ECONOMY: Industrial production unexpectedly declined in January
Industrial production declined 0.6% in January, down from a 0.1% increase in December, according to a Federal Reserve statement Friday. Consensus estimates had been for a 0.1% increase in industrial production for the month. Manufacturing production also declined unexpectedly, down 0.9% for the month versus expectations of a flat reading. The decrease in manufacturing production was driven by an 8.8% drop in automobile output – excluding motor vehicles and parts, output dipped just 0.2%.

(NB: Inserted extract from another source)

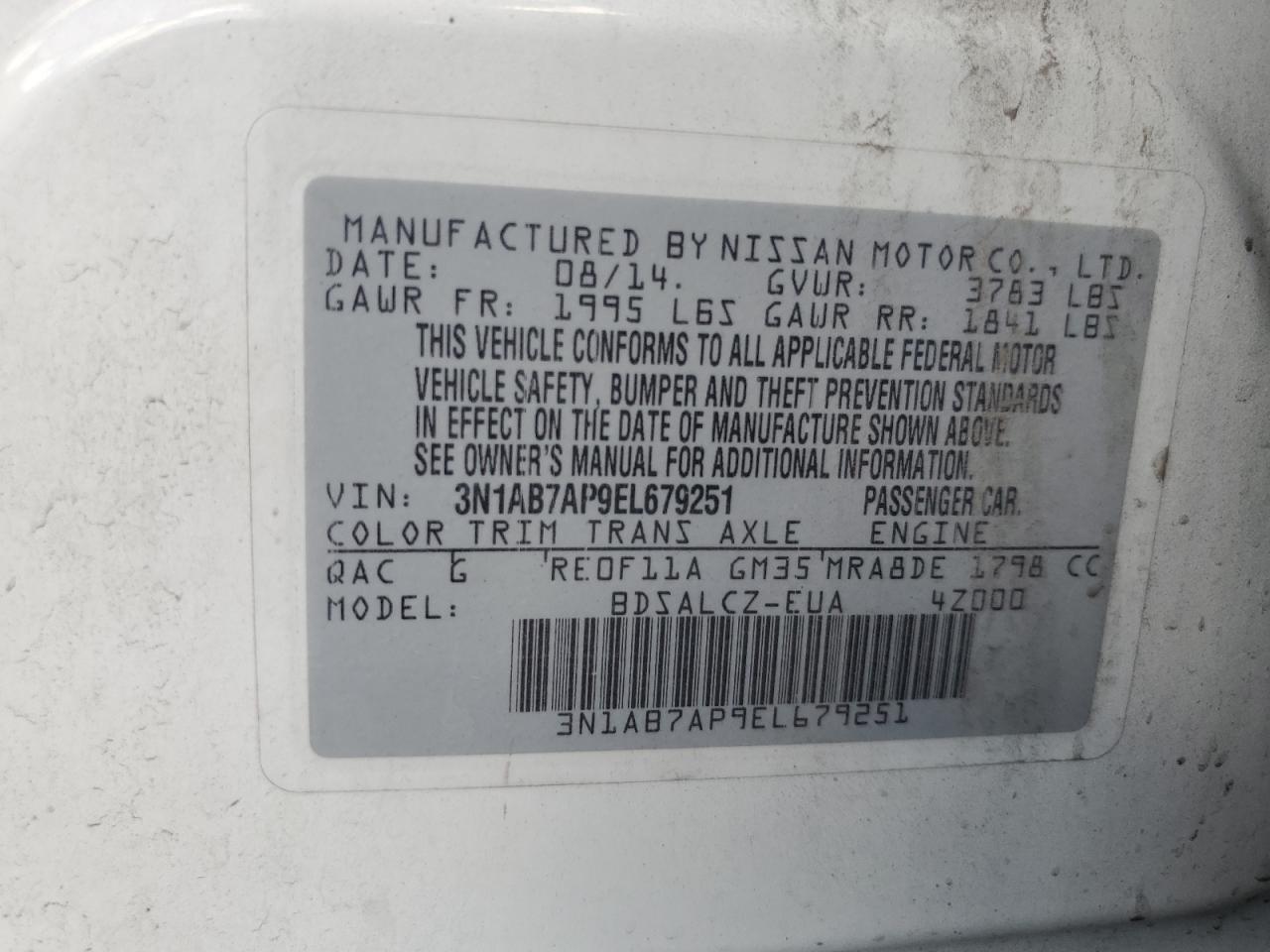 3N1AB7AP9EL679251 2014 Nissan Sentra S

“Manufacturing is under real pressure from the slowdown in China and the trade war, and we expect output to drift down over the first half of the year, putting the sector into a mild recession,” Ian Shepherson, chief economist at Pantheon Macroeconomics, wrote in an email about Friday’s results. “This won’t kill the rest of the economy, but it won’t look good, either, and until the sector bottoms out in the late spring it will make the Fed’s recent dovish turn look like the right move. The second half of the year likely will be a different story, but that’s some way off.”

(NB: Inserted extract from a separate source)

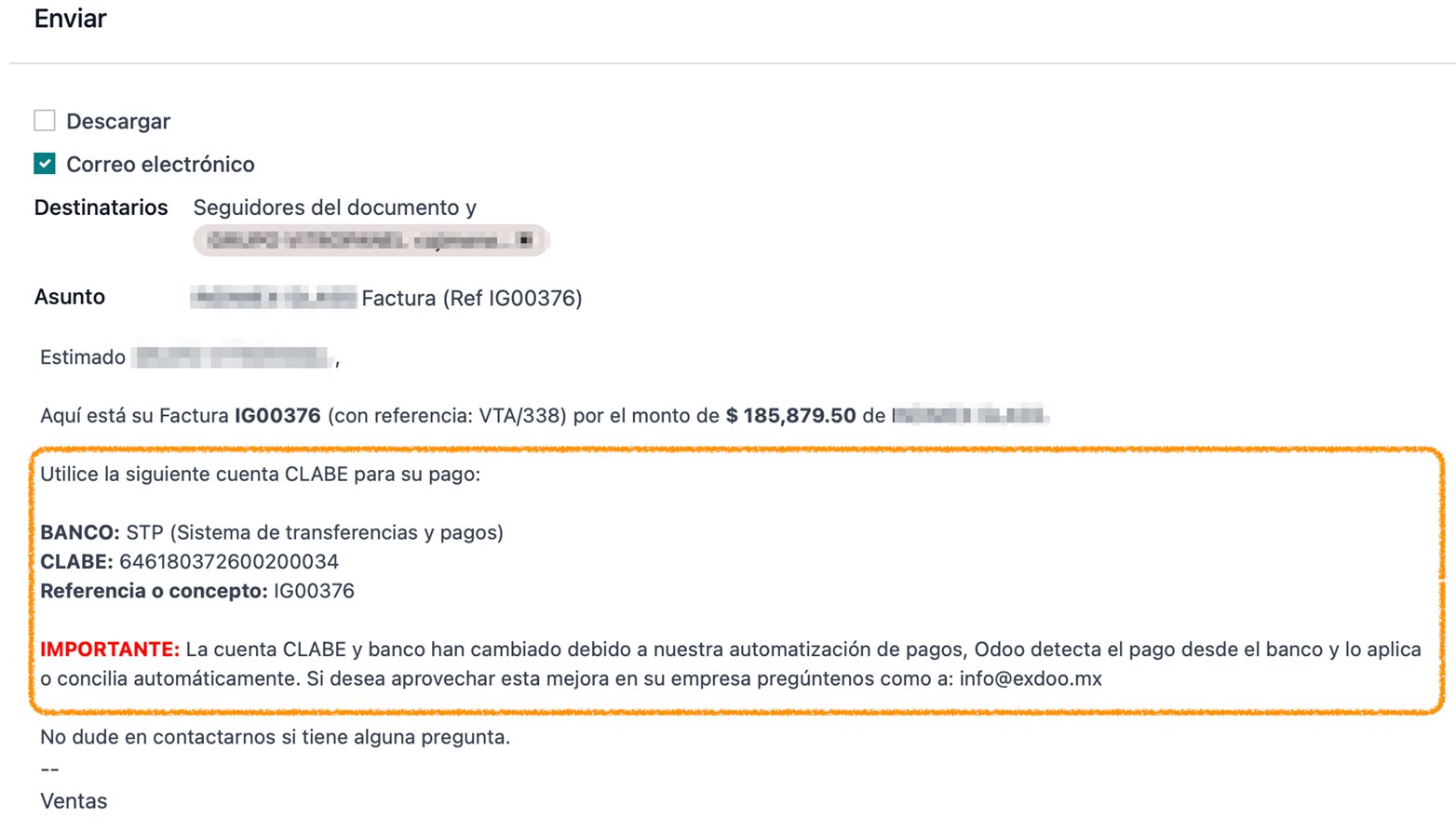 Factura por correo con CLABE adjunta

Manufacturing activity in New York state, however, bounced back in February, according to the Federal Reserve Bank of New York’s latest Empire State Manufacturing Survey. The headline index rose about five points to 8.8 in February, coming in ahead of consensus expectations of a reading of 7. Orders rose four points to 7.5, while an index for numbers of employees declined for a second straight month. The survey also showed that firms were more optimistic about the outlook for the next six months than they had been last month.
U.S. import prices declined 0.5% in January, dropping further than the 0.2% decline anticipated by consensus estimates. The Bureau of Labor Statistics noted that both fuel and non-fuel prices contributed to January’s decline, which was the third consecutive month of decreasing import prices. U.S. export prices, meanwhile, decreased 0.6% for the second consecutive month of declines. Consensus estimates had been for a 0.1% decrease in export prices.
The University of Michigan’s preliminary consumer sentiment reading for February registered at 95.5, an improvement from January’s final reading of 91.2. The better-than-expected results for early February encapsulate the end of the partial government shutdown, along with a “more fundamental shift in consumer expectations due to the Fed's pause in raising interest rates,” Richard Curtin, Surveys of Consumers chief economist, wrote in a statement.